- WORK REQUEST -
Which lines below mention "with"? Pick each one out.

- SUPPLIED RECORDS -
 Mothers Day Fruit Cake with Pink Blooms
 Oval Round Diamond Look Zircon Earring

* * *

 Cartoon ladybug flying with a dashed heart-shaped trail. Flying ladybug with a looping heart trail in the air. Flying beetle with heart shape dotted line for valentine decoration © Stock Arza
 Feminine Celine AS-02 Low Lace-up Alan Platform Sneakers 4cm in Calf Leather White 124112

- WRITTEN SOLUTION -
 Mothers Day Fruit Cake with Pink Blooms
 Cartoon ladybug flying with a dashed heart-shaped trail. Flying ladybug with a looping heart trail in the air. Flying beetle with heart shape dotted line for valentine decoration © Stock Arza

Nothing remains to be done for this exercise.